It was Labor Day weekend, 2008, and RuPaul had escaped the heat in a friend’s Hollywood Hills pool, taking in the expansive views of Los Angeles before him. Production on the first season of RuPaul’s Drag Race would kick off the next day, and in his usual introspective way, the drag superstar was thinking about the future. “I remember being in that water on such a hot day thinking, from this moment on, my life will be very different,” he recalled. “And it absolutely has been since that day.”

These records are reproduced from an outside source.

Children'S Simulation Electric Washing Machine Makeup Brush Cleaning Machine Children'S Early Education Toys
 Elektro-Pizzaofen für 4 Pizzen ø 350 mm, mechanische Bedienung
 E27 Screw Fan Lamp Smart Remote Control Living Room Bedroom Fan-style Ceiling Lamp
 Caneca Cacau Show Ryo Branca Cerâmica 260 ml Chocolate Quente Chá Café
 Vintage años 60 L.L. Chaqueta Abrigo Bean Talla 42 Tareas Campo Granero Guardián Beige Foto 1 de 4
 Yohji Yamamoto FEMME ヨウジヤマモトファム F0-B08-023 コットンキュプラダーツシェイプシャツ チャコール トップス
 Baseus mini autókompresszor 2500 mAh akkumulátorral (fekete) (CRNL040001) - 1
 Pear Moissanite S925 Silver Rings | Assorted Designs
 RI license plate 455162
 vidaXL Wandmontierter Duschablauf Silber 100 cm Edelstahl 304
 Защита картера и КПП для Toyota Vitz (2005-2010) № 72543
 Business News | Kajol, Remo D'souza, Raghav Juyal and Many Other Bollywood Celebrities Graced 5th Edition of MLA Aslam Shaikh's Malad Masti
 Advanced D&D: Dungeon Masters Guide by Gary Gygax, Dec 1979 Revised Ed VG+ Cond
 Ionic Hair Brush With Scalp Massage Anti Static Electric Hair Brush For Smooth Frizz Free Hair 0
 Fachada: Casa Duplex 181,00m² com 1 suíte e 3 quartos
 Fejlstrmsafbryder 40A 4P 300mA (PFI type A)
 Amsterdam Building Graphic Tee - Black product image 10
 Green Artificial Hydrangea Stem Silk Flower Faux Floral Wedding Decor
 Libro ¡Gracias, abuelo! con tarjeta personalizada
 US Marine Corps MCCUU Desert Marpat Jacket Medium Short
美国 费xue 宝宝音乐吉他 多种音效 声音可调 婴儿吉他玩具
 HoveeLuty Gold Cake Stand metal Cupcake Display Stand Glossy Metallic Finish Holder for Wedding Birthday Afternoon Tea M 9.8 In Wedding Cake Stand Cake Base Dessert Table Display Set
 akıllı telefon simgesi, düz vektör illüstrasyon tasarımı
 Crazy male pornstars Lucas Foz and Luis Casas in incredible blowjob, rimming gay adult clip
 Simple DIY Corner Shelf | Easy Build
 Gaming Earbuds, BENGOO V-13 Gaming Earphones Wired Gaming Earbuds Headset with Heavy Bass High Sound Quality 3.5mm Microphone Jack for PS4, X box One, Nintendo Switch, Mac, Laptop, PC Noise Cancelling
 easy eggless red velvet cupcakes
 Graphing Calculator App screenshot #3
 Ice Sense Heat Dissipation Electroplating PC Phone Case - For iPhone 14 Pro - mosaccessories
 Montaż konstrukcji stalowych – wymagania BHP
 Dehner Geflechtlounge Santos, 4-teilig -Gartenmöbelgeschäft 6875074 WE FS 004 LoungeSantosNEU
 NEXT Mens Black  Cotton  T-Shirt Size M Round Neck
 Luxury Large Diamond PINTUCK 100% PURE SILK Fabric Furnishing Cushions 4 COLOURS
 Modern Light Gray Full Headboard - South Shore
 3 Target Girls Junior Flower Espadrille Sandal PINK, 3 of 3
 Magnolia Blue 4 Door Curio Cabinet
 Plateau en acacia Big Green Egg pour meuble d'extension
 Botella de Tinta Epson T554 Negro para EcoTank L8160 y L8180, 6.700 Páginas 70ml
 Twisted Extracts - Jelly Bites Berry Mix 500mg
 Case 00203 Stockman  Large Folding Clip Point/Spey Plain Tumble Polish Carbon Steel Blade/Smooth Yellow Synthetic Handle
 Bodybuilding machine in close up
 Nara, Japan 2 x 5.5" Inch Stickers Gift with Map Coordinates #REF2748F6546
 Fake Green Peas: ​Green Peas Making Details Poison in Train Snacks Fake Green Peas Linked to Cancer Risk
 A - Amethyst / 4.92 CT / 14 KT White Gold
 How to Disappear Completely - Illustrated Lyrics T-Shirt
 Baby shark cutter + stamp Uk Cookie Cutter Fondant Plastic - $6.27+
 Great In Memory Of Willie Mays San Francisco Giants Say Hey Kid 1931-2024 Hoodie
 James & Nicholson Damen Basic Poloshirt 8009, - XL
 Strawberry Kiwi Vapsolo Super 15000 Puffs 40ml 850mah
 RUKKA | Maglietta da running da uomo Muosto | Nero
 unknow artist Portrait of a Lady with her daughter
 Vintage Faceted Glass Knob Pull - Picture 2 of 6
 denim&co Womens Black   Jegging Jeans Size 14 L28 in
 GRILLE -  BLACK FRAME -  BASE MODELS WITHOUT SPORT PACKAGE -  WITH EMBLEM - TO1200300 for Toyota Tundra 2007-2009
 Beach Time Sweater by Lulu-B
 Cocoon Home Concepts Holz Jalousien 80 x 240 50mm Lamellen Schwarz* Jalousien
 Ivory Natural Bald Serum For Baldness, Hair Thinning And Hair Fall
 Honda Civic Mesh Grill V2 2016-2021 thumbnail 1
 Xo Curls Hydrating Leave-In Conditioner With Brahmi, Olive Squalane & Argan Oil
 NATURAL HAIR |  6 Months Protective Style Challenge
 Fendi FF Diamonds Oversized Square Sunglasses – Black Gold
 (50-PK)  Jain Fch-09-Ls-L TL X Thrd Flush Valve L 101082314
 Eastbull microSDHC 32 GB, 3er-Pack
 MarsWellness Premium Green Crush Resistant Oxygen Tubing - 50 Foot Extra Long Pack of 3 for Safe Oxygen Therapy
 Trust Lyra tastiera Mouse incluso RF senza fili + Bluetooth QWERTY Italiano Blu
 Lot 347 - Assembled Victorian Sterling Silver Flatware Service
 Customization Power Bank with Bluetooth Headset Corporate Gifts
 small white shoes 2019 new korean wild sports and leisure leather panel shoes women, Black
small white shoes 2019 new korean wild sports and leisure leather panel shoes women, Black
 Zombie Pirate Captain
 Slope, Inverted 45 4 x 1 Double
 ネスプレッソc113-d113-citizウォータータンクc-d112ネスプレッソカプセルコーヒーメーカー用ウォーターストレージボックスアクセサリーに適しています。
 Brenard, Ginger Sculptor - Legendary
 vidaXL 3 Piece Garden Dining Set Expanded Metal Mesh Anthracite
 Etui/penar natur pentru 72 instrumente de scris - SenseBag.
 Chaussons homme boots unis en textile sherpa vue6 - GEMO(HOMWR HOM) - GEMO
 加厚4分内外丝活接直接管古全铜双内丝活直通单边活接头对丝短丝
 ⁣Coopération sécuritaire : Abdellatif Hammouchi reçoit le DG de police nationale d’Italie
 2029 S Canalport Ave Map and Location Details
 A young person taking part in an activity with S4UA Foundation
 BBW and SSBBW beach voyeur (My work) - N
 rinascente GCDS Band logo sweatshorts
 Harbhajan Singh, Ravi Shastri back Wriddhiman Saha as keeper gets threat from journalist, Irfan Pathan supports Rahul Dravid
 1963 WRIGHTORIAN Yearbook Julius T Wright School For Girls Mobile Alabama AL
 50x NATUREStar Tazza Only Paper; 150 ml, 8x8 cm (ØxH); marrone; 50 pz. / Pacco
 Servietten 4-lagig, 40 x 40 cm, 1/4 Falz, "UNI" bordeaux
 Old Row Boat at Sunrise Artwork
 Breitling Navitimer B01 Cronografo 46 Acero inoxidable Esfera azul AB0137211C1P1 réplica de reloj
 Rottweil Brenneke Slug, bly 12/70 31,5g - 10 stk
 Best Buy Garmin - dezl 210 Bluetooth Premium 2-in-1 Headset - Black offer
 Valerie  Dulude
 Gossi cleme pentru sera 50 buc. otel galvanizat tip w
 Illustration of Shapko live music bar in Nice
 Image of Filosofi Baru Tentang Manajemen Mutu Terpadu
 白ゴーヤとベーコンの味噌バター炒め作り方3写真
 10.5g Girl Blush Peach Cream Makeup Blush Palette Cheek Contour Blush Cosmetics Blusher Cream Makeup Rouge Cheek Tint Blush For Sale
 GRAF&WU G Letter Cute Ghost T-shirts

RuPaul, who became the world’s biggest drag star in the ’90s with the release of his single, “Supermodel (You Better Work),” had been away from the limelight for about a decade when Logo picked up his show. But he sensed his third act might be his biggest. President Obama was about to be elected, and a new social and cultural order was in the air, the kind that made it possible to imagine drag thriving beyond underground culture. “I knew the show’s mission statement was to celebrate the art of drag,” RuPaul said, explaining his early optimism about the show’s appeal last month, four days before production on the show’s tenth season began in Los Angeles. “And I knew that drag has more significant meaning and power than just what it seems like on the surface — it speaks to the duality of our lives as humans on this planet.”
As it has turned out, he wasn’t fantasizing. Since Drag Race premiered in 2009, 11 seasons have aired, including two All-Star editions (a third was just picked up). The competition show with a car-race motif spawned three spinoffs, UnTucked, RuPaul’s Drag U, and RuPaul’s Drag Race: Ruvealed, and led to the creation of RuPaul’s DragCon, which has catapulted many of the show’s 113 contestants to international stardom. Last season, Drag Race made the switch to Logo’s sister network VH1, where its ratings doubled and popularity soared higher, jump-started by a Lady Gaga appearance in the premiere that clocked nearly 1 million viewers. In May, Saturday Night Live spoofed the cultural juggernaut during its most popular season in years, with a skit featuring Chris Pine and four other cast members as straight car mechanics who love Drag Race and engage in a lip-sync battle. Then came the kind of acceptance that RuPaul never anticipated, or even particularly desired: In July of this year, the series was nominated for a whopping eight Emmys, including outstanding reality competition. RuPaul also was nominated again for his work as host (he won the trophy last year), a job with several roles: tough taskmaster, therapist, runway slayer, judge.